Why Aboriginal Tourism Continues to Grow in British Columbia?

The following background has been created to provide further background regarding a key question that is repeatedly asked, why Aboriginal tourism continues to grow in British Columbia.


  • The Aboriginal Tourism Association of British Columbia (AtBC) is a registered nonprofit society described as a provincial Aboriginal cultural tourism industry sector organization.
  • AtBC was established in 1996-97 by a handful of Aboriginal tourism operators and leaders to support industry specific training, product development and marketing.
  • Today AtBC has thirteen Aboriginal board members;
    • One representative for each six (6) tourism regions
    • Six (6) at large representatives
    • One (1) ex-officio role for outgoing chair
    • AtBC is a stakeholder based society that provides an opportunity for Aboriginal and non Aboriginal tourism partners to join on an annual basis.
      • AtBC is currently averaging approximately 150-200 stakeholders each year and this is growin.
      • AtBC has received mandates of support from the First Nations Summit and Union of British Columbia Indian Chiefs in Assembly, most recently in 2012 for the current AtBC Five Year Plan.
      • AtBC is recognized as an international leader in developing authentic Aboriginal cultural tourism experiences.
      • The current AtBC Five Year Plan is entitled The Next Phase 2012-2017.
      • AtBC has a proven track record of success after implementing the Blueprint Strategy. The Blueprint Strategy invested ten (10) million dollars in Federal and Provincial government funding from 2007-2012. The increase training, product development and marketing during these years supported the growth of the Aboriginal cultural tourism industry from $20 million to $42 million during this time. The return on these investments was 20-1 based purely on the total gross revenues produced for the British Columbia economy.
      • As a key and innovative marketing tactic AtBC created the Klahowya Village in Stanley Park in Vancouver, a key tourism gateway, and realized strong marketing success during the 2010 Olympic and Paralympic Games. The overall ability for AtBC to execute success programs has ensured Klahowya Village has been successfully operated for four years.

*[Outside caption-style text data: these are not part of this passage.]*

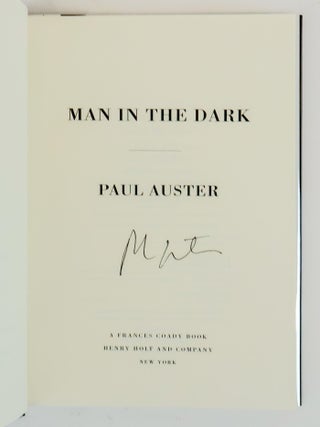 MAN IN THE DARK [Signed]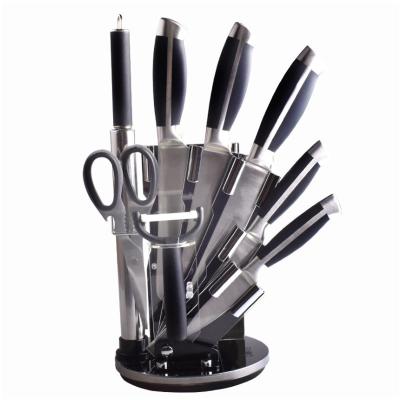 China New Arrival Disposable Excellent Quality Chefs Knife Block Knives High Stability Set for sale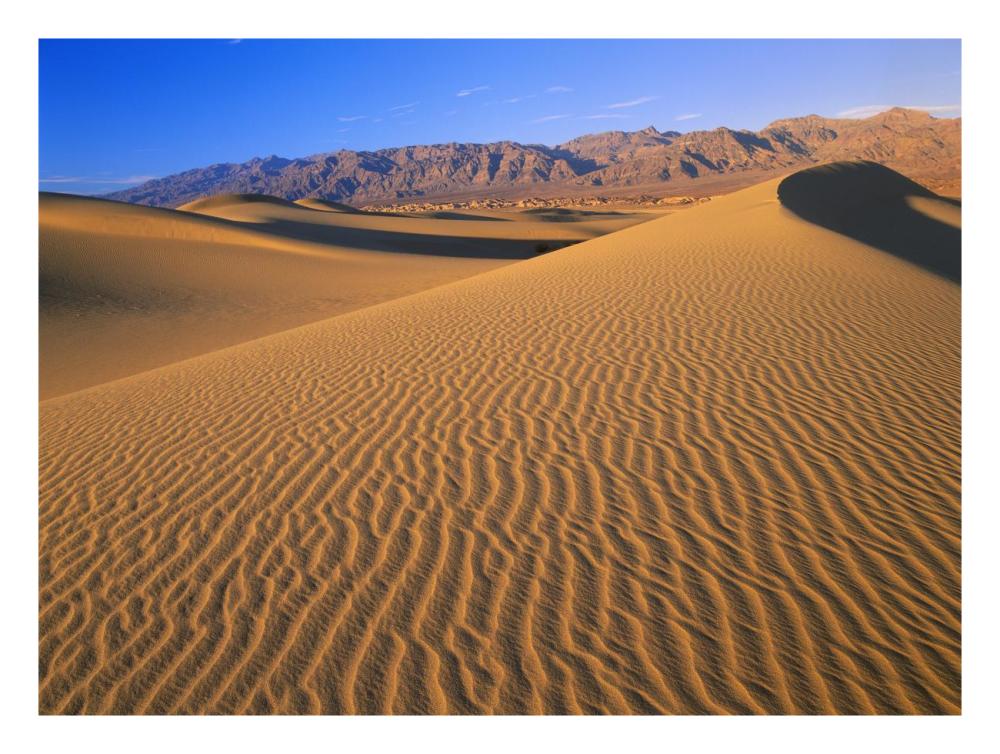 Mesquite Flat Sand Dunes, Death Valley National Park, California-Paper Art-26"x20"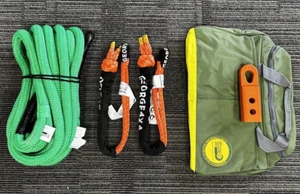 NEXT GEN Ford Ranger Recovery Kit Kinetic Rope + Soft Shackle + bag 4WD 4x4 - Picture 1 of 5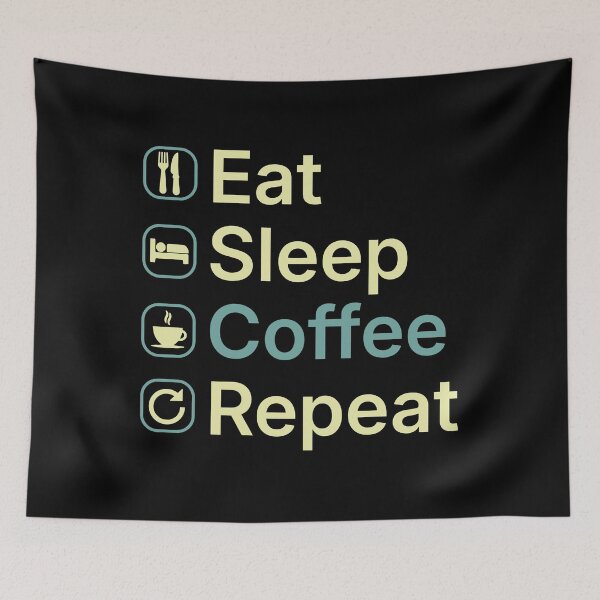 Item preview, Eat Sleep Coffee Repeat Funny Coffee Lover Gift designed and sold by clickbongski.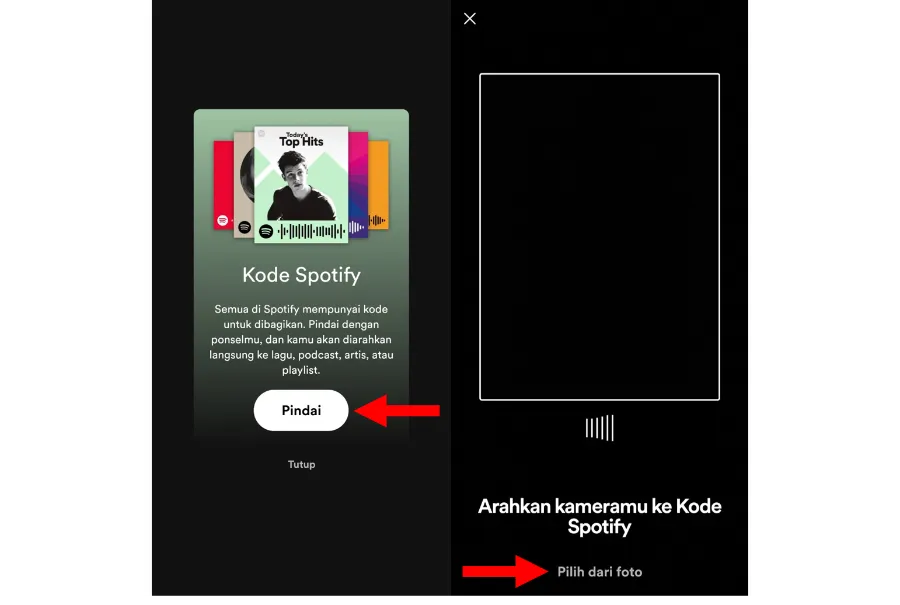 Mulai Scan Barcode Spotify
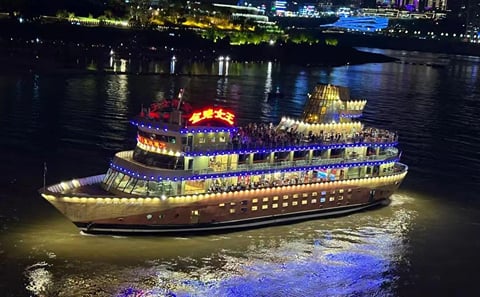 Yangtze & Jialing Nightscape Cruise – JinBi Vessel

      The current AtBC Five Year Plan is structured for another ten (10) million dollar investment to support six (6) Aboriginal cultural tourism industry established priorities:

      Push for Market-Readiness $3,250,000

      Build and Strengthen Partnerships $1,000,00

      Focus on Online Marketing $1,500,000

      Focus on Key and Emerging Markets $3,250,000

      Focus on Authenticity and Quality Assurance $750,000

      Regional Approach $500,000

      Total $10,250,000

      AtBC continues to receive annual support from two main funding partners. First the Provincial Government through the Ministry of Jobs, Tourism and Skills Training (MJTST) and their marketing crown corporation re-launched April 1st, 2013 Destination BC. Second the Federal Government though Aboriginal Affairs and Northern Development Canada (AANDC) and their specific program envelope Strategic Partnership Initiative (SPI) and other departments such as Western Economic Diversification.

      The AtBC Five Year Plan supports an estimated budget of two (2) million per year to support training, product development, and marketing of Aboriginal cultural tourism.


      The current AtBC Five Year Plan outlines a strategy to support training, product development, and marketing from April 1st, 2012 – March 31st, 2017.


      AtBC is a province wide sector organization and continues to work with all Aboriginal community, entrepreneurs and tourism related businesses through British Columbia. The AtBC office is located in West Vancouver, BC but training, product development and marketing initiatives are implemented throughout the province.


      First Aboriginal tourism continues to have growing consumer demand with one (1) in four (4) visitors seeking an authentic Aboriginal tourism experience as part of their holiday experience. Based on independent research AtBC is confident consumer demand will continue to substantially increase in the future. A strong Aboriginal cultural tourism industry benefits the broad tourism industry in British Columbia.

      Second the Provincial Government's tourism strategy entitled "Gaining the Edge" identifies the policy framework for support of Aboriginal cultural tourism and the role of AtBC. The tourism industry is collectively working to increase tourism revenues to eighteen (18) billion by 2016. AtBC continues to support the overall objectives of the "Gaining the Edge" strategy.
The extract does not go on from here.